From passive-aggressive types to naysayers, bullies, ball droppers, brown nosers and those that are just downright rude, we will inevitably cross paths with difficult people.

At some point in your career, the odds are good you will be working closely with someone who is more negative than positive in their outlook. As taxing as it may be, you are not helplessly stuck in this situation.

Here are a few strategies for dealing with adversarial colleagues.

1. Find a sounding board.

Talk the situation over with a confidant, supervisor, or mentor. Take notice if others are expressing similar concerns about this particular person. If you seem to be the only one with the experience, analyze what you may be doing to exacerbate the situation. Ask for feedback from a person you trust to give you solid advice.

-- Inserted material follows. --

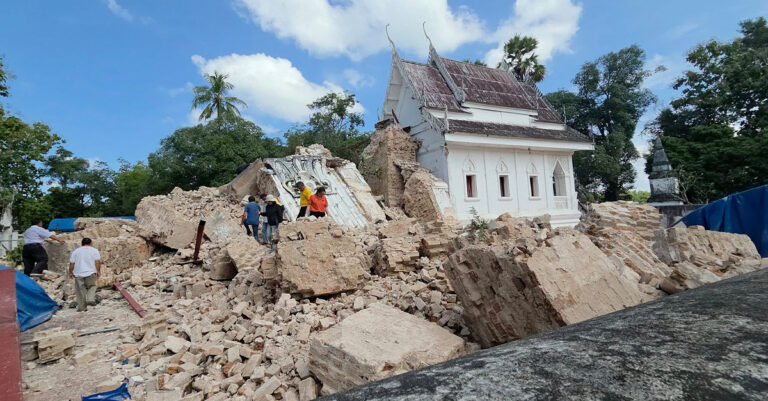 123-Year-Old Phra That Non Tan Collapses in Nakhon Phanom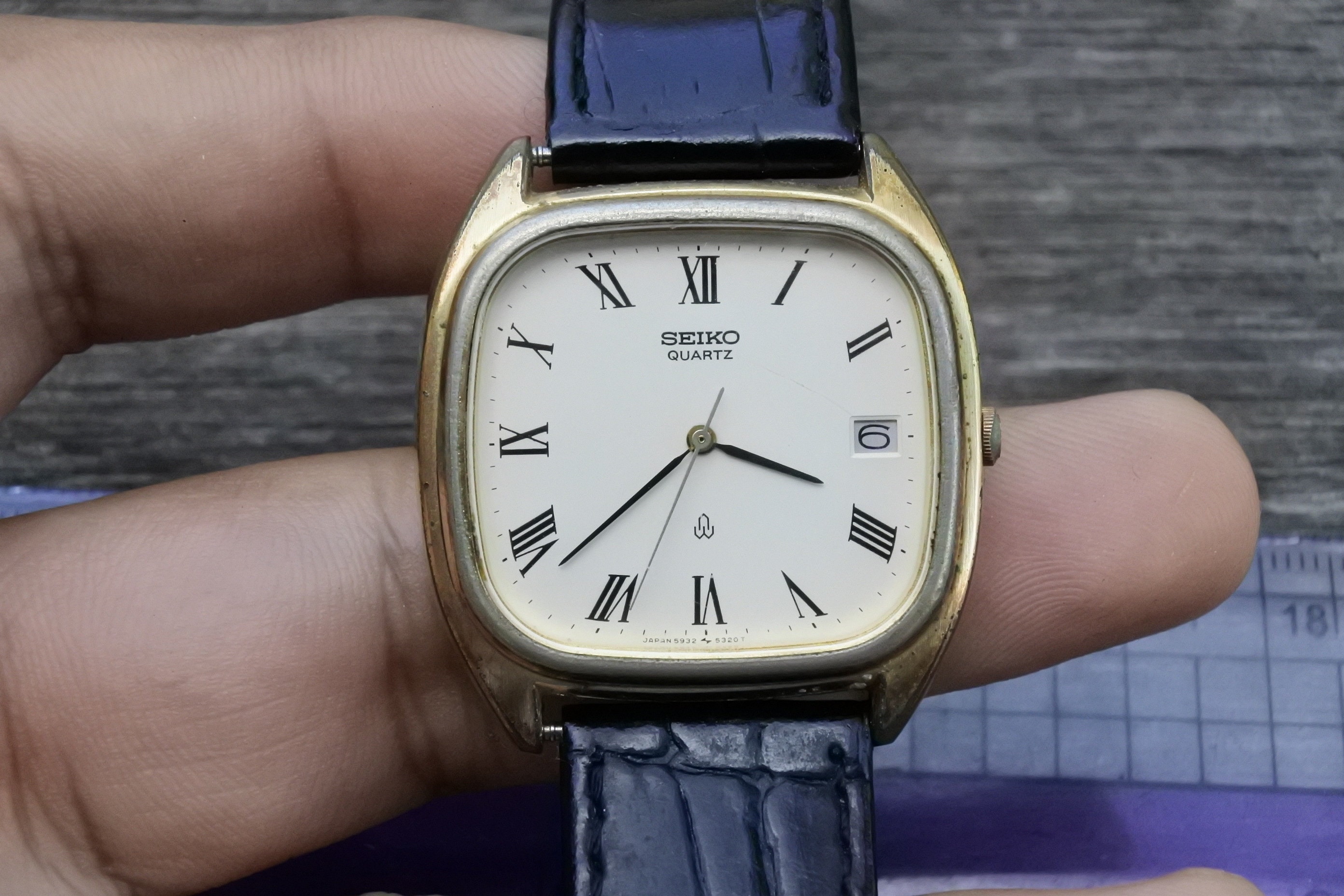 Vintage Seiko Gold Plated 5932 5190 Roman Numeral Dial Men Quartz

2. Focus on your reaction.

You have no control over anyone but yourself. Even if someone's behavior makes you see red, you have a choice as to how to respond. Difficult people thrive on the power they get from provoking others, so don't give them the satisfaction of annoying you. Stay calm and speak civilly when dealing with the person. If you can muster a smile and sense of humor, even better.

3. Speak up.

When a coworker does something disagreeable, address it professionally. Some people are able to respond immediately; while others prefer to have time to collect their thoughts before reacting. Whichever camp you fall in, address the problem with the offender, privately and as soon as possible: "Jesse, I didn't like it when you criticized my work in front of our clients. In the future, if you have a problem, talk to me first." Sometimes an office cynic will back down if they know you won't accept their behavior.

4. Keep your distance.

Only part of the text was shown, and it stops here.